**Problem to solve**
Transcribe the data that follows. Match it character for character.

**Available data**
■ ■ ■ ■
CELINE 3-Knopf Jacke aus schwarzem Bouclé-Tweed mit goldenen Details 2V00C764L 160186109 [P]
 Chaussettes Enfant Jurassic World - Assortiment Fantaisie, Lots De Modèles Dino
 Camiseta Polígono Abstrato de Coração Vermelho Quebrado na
■ ■ ■ ■
**Task output**
CELINE 3-Knopf Jacke aus schwarzem Bouclé-Tweed mit goldenen Details 2V00C764L 160186109 [P]
 Chaussettes Enfant Jurassic World - Assortiment Fantaisie, Lots De Modèles Dino
 Camiseta Polígono Abstrato de Coração Vermelho Quebrado na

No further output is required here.